Seeing The High One proved more difficult than I thought. I mean, it's 20,320 feet tall. That's almost 4 miles from the base to the peak. I ought to be able to see that, right? Last night, the bus driver told me I might get a peek at it if I ride out to Savage River or one of nearby the viewpoints. "In the morning," he said, "After 7:30 or so. But before 11. It might be clear."
It definitely was not clear when I got up. My camp neighbor said the weather was expected to be cloudy all day. Dang! She also said that of the 5 times she and her family had been to the park, not once was the mountain in view. I learned later you should consider yourself lucky if you actually see Denali. The mountain is so tall it makes its own severe, unpredictable weather. During the summer months, it's only visible about 20% of the time, making the questions "Is the mountain out today?" a very common one.
The sled dog demonstrations are held three times a day. I could have made the 10am but decided to ride over to the visitor center campus and take a look at the bookstore, the museum and the science center. It was well worth it! There are very informative displays, exhibits and film presentations. There's lots to learn here. Plus, there are ranger-led hikes and talks, as well as the evening campfire programs. And it's gorgeous. I could easily have spent a week or more taking it all in.
The bus to the kennels departed at 1:30. There were four bus loads of visitors. (Our driver said this was quite common as the dogs were especially popular with children.)
These Alaskan huskies, more simply known as sled dogs, are bred for specific characteristics: a thick two-layer coat, long legs for breaking trail through deep snow, tough feet with close pads, speed, endurance, a great work ethic and a friendly demeanor. Since they are not bread for a specific look, there is a wide variation in their appearance. Something else I thought was interesting – about a third of the dogs have blue eyes, the rest have brown eyes. Occasionally there are dogs that have one blue eye and one brown eye. Cool!
The kennel typically houses about 30 dogs. The number may vary slightly depending on how many puppies are born and how many older dogs are retired. They usually have new litter of about 3 to 5 pups in the spring or summer. The eight- or nine-year old dogs are retired and adopted out to park staff or visitors who live in a northern climate. They just had 3 pups about a month ago. They were snuggled in their house with their mom, so we couldn't get a photo.
Dogs have been a part of Denali for over 70 years. They are canine ambassadors during the summer months, putting on demonstrations like the one I saw. During the winter months they return to their real work with the rangers: hauling equipment and supplies, setting trails, monitoring park borders, assisting mountaineers, etc.
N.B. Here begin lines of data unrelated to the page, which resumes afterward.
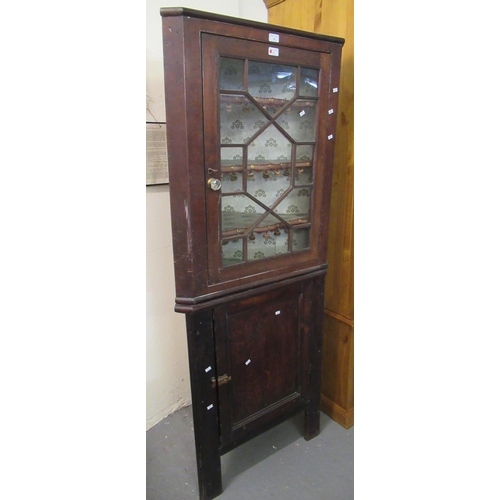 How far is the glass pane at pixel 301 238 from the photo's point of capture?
1.57 m

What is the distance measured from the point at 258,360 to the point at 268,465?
0.52 m

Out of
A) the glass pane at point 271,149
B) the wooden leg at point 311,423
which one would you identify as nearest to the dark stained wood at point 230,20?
the glass pane at point 271,149

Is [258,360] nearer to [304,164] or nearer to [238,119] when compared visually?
[304,164]

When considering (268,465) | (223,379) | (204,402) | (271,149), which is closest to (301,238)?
(271,149)

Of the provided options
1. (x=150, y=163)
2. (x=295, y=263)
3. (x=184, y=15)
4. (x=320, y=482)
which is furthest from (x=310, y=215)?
(x=320, y=482)

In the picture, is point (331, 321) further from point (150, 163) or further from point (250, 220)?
point (150, 163)

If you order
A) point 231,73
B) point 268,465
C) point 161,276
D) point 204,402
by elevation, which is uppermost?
point 231,73

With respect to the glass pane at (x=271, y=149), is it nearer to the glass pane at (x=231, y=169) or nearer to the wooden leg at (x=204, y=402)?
the glass pane at (x=231, y=169)

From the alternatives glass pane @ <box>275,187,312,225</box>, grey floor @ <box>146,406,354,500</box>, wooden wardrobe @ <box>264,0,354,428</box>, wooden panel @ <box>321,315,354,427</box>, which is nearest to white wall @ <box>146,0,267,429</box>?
grey floor @ <box>146,406,354,500</box>

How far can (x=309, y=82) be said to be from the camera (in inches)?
55.7

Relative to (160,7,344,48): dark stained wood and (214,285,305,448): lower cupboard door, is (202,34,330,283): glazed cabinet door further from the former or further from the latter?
(214,285,305,448): lower cupboard door

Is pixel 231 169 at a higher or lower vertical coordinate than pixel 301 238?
higher

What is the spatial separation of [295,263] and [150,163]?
2.47ft

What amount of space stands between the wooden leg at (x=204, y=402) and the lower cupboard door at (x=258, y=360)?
35 millimetres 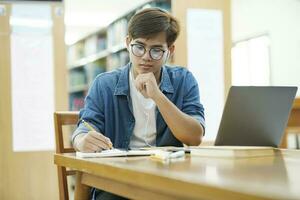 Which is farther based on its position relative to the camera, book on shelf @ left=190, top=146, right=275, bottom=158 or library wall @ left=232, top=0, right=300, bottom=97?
library wall @ left=232, top=0, right=300, bottom=97

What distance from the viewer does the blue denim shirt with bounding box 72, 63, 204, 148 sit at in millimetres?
1655

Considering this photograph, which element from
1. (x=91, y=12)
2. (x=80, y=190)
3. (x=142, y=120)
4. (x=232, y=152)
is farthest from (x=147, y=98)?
(x=91, y=12)

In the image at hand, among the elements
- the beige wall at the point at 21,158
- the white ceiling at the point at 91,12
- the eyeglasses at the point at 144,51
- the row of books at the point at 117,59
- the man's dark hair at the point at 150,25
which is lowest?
the beige wall at the point at 21,158

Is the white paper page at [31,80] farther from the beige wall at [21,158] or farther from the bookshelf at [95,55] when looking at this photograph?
the bookshelf at [95,55]

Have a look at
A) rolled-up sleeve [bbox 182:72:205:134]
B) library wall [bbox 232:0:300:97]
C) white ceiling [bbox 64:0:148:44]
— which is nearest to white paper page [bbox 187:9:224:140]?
rolled-up sleeve [bbox 182:72:205:134]

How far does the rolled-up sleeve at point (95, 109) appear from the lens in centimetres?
163

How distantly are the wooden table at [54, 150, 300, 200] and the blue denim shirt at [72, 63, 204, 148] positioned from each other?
1.29 feet

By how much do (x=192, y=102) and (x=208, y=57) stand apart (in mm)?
1432

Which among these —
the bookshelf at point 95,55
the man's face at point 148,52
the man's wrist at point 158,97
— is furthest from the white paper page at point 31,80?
the man's wrist at point 158,97

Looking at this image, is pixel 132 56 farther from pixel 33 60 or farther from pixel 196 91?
pixel 33 60

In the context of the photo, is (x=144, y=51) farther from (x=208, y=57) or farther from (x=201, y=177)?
(x=208, y=57)

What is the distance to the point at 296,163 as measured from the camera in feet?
3.42

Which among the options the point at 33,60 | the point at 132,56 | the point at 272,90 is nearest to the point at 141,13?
the point at 132,56

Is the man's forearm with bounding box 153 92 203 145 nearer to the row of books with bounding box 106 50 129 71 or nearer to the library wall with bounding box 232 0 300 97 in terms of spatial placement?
the row of books with bounding box 106 50 129 71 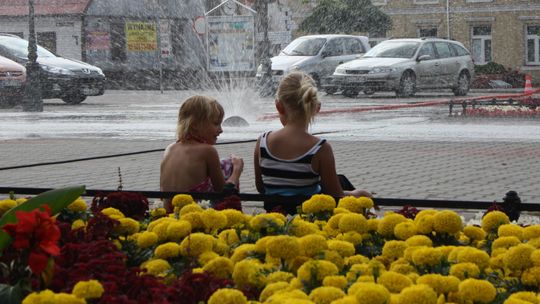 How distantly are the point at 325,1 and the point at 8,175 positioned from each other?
41644 millimetres

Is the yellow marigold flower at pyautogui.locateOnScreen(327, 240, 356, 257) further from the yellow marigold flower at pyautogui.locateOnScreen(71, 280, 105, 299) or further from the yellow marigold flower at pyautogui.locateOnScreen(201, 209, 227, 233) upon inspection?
the yellow marigold flower at pyautogui.locateOnScreen(71, 280, 105, 299)

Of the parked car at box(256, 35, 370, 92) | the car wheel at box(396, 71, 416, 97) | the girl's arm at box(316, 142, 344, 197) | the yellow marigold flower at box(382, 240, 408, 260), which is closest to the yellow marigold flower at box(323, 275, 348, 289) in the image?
the yellow marigold flower at box(382, 240, 408, 260)

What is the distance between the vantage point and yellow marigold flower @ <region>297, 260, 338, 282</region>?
9.50ft

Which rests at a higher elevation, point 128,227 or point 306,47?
point 306,47

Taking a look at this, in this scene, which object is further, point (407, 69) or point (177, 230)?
point (407, 69)

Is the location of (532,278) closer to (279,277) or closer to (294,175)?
(279,277)

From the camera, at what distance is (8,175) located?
12000 millimetres

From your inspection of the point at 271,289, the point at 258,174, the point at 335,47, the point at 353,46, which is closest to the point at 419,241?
the point at 271,289

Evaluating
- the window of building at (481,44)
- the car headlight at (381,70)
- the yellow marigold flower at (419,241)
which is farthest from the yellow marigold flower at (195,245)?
the window of building at (481,44)

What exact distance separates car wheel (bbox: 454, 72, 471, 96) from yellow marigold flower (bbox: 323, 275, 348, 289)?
100ft

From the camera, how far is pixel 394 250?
3.38m

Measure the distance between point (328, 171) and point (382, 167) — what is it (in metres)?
6.68

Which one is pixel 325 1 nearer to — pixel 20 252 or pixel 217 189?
pixel 217 189

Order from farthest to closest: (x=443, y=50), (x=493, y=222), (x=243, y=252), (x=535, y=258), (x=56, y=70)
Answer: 1. (x=443, y=50)
2. (x=56, y=70)
3. (x=493, y=222)
4. (x=243, y=252)
5. (x=535, y=258) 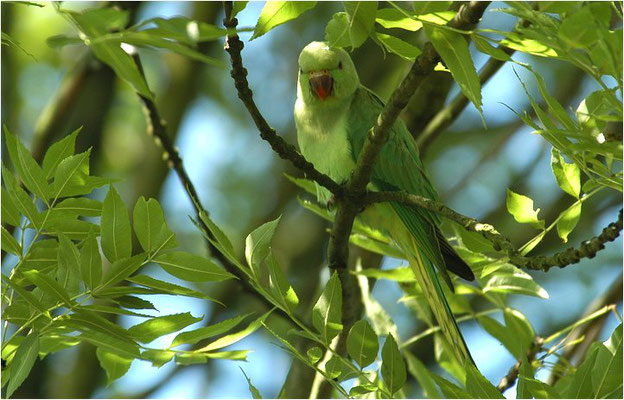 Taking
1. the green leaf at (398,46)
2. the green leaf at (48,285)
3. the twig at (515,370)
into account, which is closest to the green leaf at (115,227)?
the green leaf at (48,285)

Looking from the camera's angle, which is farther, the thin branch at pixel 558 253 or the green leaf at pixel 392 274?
the green leaf at pixel 392 274

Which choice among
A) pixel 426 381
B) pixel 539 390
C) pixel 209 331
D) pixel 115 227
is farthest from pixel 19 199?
pixel 426 381

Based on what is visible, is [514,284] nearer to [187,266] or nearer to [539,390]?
[539,390]

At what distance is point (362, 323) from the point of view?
6.35 ft

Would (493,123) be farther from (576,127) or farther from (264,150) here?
(576,127)

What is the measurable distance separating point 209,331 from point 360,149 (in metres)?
1.71

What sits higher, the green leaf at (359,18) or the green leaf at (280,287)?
the green leaf at (359,18)

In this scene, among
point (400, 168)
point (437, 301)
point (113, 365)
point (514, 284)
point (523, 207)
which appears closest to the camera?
point (523, 207)

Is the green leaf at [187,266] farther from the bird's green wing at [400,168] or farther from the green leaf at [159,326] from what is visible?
the bird's green wing at [400,168]

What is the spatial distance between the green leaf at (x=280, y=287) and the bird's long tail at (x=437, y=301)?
0.83m

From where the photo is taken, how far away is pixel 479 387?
5.65 feet

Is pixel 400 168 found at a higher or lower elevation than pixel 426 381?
higher

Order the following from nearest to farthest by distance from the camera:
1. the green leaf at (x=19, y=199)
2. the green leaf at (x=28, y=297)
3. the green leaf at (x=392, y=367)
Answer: the green leaf at (x=28, y=297), the green leaf at (x=19, y=199), the green leaf at (x=392, y=367)

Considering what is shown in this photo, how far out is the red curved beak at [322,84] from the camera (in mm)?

I rode back to the Mercantile because it was the only place in the park with WiFi. I sent a few quick e-mails and looked for a place to stay in Anchorage. Many of the hotels, motels and hostels were already booked for the night. Who knew Anchorage was such a hot spot on a Sunday night?! I finally found a hostel with one bed open. Whew! Now all I have to do is get there.
I was almost ready to go when three riders pulled into the lot - one KLR and these two BMWs.
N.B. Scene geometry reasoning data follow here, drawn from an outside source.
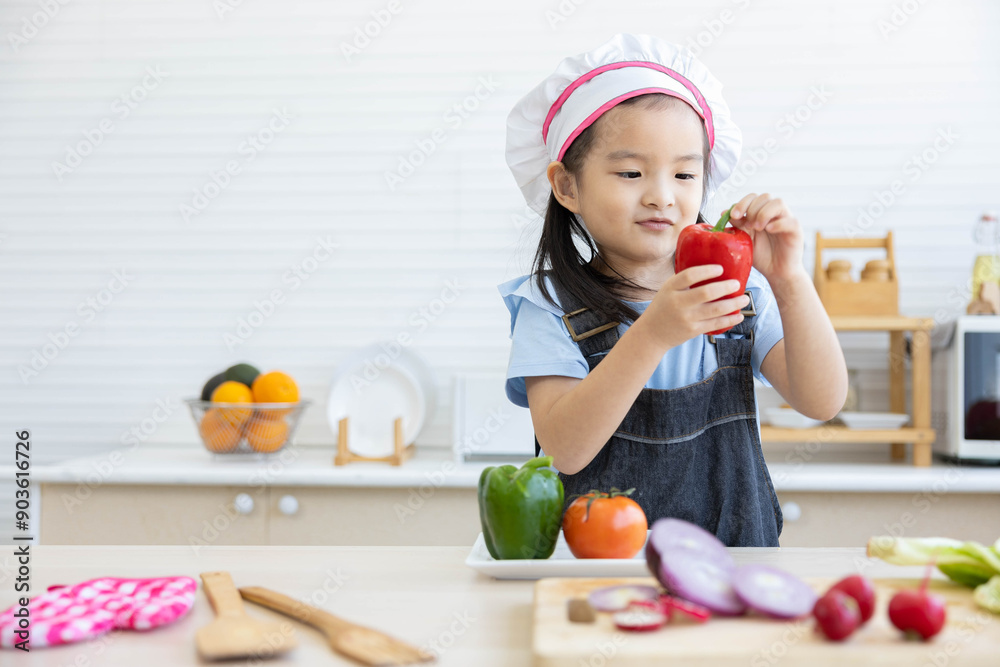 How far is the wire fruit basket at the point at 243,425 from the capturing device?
2.57 m

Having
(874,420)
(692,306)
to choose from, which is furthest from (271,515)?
(874,420)

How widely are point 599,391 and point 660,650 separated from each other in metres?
0.53

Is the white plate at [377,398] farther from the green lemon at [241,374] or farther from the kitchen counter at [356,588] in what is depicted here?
the kitchen counter at [356,588]

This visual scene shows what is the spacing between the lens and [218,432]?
261 cm

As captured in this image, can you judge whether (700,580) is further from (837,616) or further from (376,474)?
(376,474)

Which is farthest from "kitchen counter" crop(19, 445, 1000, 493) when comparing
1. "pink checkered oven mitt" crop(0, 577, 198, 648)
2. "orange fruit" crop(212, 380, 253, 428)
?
"pink checkered oven mitt" crop(0, 577, 198, 648)

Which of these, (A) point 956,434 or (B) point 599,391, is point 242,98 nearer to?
(B) point 599,391

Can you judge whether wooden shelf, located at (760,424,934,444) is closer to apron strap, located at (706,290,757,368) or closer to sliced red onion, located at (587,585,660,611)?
apron strap, located at (706,290,757,368)

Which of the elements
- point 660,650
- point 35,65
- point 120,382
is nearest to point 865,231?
point 660,650

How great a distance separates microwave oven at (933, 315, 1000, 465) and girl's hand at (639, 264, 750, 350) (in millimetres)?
1846

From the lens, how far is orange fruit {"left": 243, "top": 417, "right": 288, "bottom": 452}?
2598 mm

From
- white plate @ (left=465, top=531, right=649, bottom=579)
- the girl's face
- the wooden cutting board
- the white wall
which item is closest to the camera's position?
the wooden cutting board

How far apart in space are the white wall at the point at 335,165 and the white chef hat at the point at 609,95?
→ 4.55 feet

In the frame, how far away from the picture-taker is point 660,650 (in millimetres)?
648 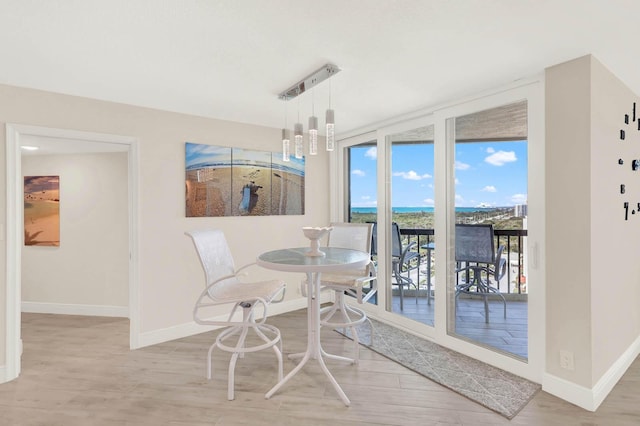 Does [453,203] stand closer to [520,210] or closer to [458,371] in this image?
[520,210]

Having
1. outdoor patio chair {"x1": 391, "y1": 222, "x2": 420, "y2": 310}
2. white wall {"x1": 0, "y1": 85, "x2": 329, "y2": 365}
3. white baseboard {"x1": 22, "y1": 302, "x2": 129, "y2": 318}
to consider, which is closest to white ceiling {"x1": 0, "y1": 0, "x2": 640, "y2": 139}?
white wall {"x1": 0, "y1": 85, "x2": 329, "y2": 365}

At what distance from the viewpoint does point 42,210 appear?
396 cm

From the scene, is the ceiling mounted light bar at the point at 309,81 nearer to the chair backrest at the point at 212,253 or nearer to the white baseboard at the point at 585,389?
the chair backrest at the point at 212,253

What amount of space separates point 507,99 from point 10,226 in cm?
394

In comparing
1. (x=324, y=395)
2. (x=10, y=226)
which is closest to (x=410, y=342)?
(x=324, y=395)

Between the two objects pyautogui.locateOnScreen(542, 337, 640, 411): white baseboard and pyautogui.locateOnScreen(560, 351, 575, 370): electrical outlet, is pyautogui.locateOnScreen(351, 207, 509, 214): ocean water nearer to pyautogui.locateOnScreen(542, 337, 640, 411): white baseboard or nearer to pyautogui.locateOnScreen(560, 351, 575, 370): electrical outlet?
pyautogui.locateOnScreen(560, 351, 575, 370): electrical outlet

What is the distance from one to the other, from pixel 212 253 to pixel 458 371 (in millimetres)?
2149

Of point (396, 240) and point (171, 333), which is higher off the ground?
point (396, 240)

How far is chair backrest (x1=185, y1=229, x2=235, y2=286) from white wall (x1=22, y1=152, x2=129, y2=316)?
193 cm

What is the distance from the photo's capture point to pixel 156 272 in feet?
9.74

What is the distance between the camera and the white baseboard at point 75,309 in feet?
12.5

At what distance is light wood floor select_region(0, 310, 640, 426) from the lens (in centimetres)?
187

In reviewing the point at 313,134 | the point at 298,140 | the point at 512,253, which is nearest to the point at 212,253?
the point at 298,140

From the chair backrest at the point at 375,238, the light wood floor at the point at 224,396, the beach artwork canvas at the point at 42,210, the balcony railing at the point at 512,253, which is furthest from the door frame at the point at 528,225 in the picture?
the beach artwork canvas at the point at 42,210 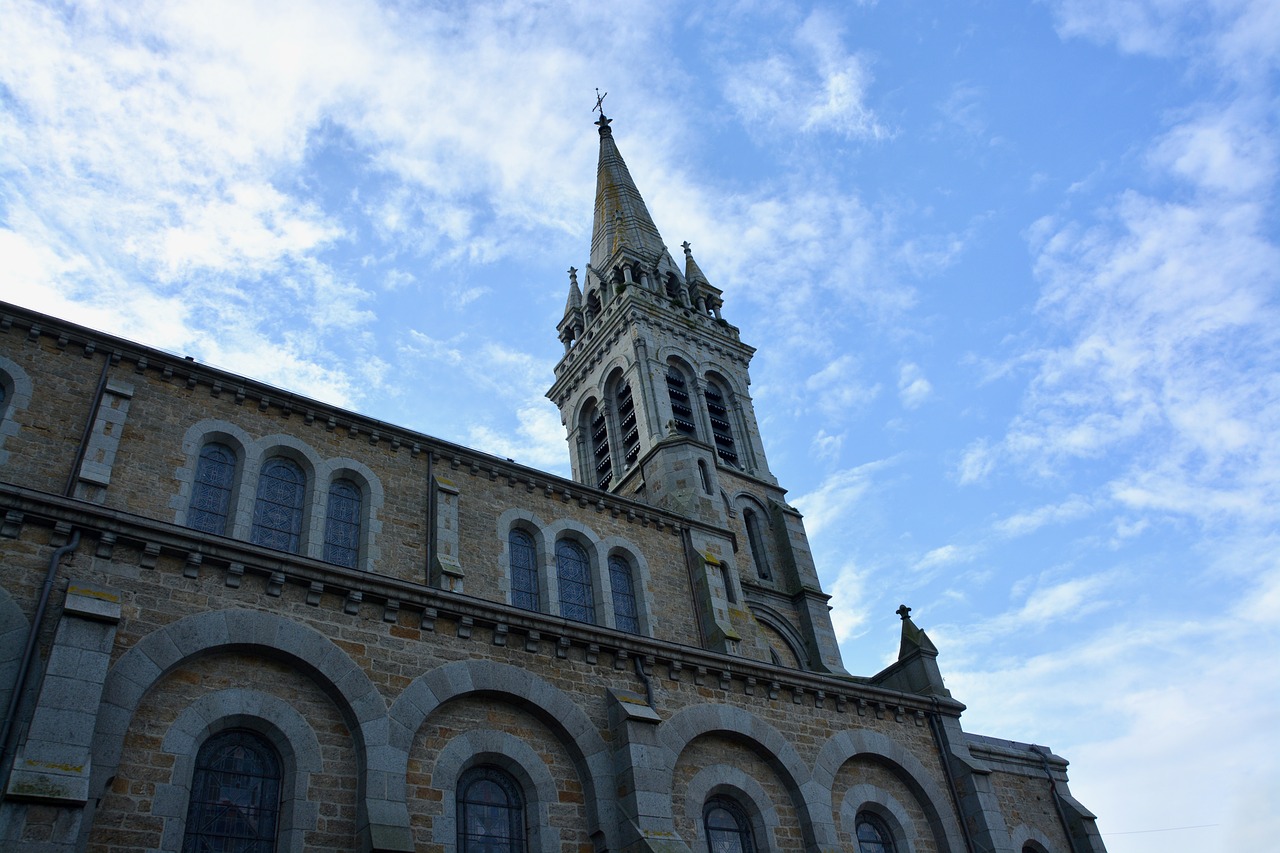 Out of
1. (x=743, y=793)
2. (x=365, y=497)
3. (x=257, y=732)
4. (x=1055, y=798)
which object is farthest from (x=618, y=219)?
(x=257, y=732)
One of the BMWs belonged to Amir. He's a physician, originally from South Africa and currently living in Prince Rupert. The other BMW belonged to his South African school chum who also became a physician and recently moved to Prince Rupert (which struck me as kinda funny). The KLR rider was a fellow they met on the ferry. That happens a lot - riders meet, chat, find they have a common destination and end up riding together. Sometimes for a couple of hours, sometimes for days. Anyway, Amir said their time was short (only 10 days) so they only rode to the Arctic Circle. That's still a pretty good ride, if you ask me! I hope you send me the video of your ride through the Rockies, Amir. Sounds like that was quite an adventure, too!
It was later than I thought when I finally headed out of the park toward Anchorage. The good news is I saw an igloo. Not a real one, and it was tattered, but still, an igloo.
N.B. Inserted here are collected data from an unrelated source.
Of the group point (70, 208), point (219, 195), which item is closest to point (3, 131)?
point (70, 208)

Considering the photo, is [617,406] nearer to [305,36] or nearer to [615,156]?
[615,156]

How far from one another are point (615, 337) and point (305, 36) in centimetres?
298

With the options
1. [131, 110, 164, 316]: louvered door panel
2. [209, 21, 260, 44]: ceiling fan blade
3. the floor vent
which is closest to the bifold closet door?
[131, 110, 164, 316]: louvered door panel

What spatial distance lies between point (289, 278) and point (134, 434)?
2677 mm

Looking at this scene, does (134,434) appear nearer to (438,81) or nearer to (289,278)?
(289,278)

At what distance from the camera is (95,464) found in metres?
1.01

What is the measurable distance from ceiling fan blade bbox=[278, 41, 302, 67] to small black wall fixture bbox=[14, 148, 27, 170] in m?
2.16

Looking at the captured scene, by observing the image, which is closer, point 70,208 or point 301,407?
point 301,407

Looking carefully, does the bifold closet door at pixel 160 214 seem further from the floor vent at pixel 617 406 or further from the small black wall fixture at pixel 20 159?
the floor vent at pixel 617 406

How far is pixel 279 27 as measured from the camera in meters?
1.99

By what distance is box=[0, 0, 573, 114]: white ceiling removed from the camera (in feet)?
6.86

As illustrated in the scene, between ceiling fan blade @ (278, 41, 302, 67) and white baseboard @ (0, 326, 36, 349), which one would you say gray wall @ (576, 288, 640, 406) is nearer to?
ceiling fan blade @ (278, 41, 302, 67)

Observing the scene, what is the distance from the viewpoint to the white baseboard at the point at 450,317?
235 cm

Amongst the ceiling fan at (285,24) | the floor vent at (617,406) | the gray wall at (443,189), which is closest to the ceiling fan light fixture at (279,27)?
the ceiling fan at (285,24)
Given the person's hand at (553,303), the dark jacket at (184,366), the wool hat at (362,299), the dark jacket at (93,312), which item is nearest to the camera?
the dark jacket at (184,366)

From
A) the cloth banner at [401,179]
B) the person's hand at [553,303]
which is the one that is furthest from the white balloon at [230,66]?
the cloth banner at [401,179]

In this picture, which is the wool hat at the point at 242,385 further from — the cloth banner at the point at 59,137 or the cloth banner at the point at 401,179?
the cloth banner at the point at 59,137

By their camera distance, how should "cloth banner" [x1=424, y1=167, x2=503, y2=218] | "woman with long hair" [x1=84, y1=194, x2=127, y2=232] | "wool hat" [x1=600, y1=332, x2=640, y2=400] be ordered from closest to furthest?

I stopped briefly at yet another turn-out hoping for a glimpse of Mt. McKinley's peak from the George Parks Highway. I'd have to settle for the base and the information plaque.
I also stopped briefly to see if I could help a couple with a lovely yellow Harley Davidson. Their rear tire was flat. They had those shiny spoked rims (and tubed tires), so my plug kit was no help. Their phones were dead and holding all the phone numbers, so my phone was no help either. Oh, well. At least the tow service was on the way. I was happy to hear from them later - they got back to Fairbanks safe and sound.
The clouds were clearing and made for a very dramatic sunset at around 10:30pm.
I rode through Wasilla and took this photo for Liz and Julie. I looked among all the roadside political posters for "Levi for Mayor (or Governor, Senator or President)" but found none. Sorry, ladies. This is the best I could do.
It was very late and dark by the time I got to Anchorage. I was lucky that the fellow from the hostel was still there to answer my distress call. I had either missed a turn or taken a wrong turn and had no idea where I was. He gave me clear directions and even offered to drive to my location so I could follow him back. His directions were so simple and straightforward that I assured him i'd be there shortly. And when I rode up, he was standing in front waving at me. He also helped me get the scooter in the back yard - a more secure location for over-night parking.
The hostel was kind of like a fraternity house. Lots of people up and about late at night. And not the cleanest place I've been. But it was only for one night and every one was friendly. I took a shower (with my shower shoes on!), climbed into my top bunk and went to sleep.
Sunday, 22 August 2010 – Denali National Park to Anchorage – 245.5 miles
There were three things I hoped to do today: (1) see Mt. McKinley, (2) attend the sled dog demonstration at Denali Kennel, and (3) ride to Anchorage.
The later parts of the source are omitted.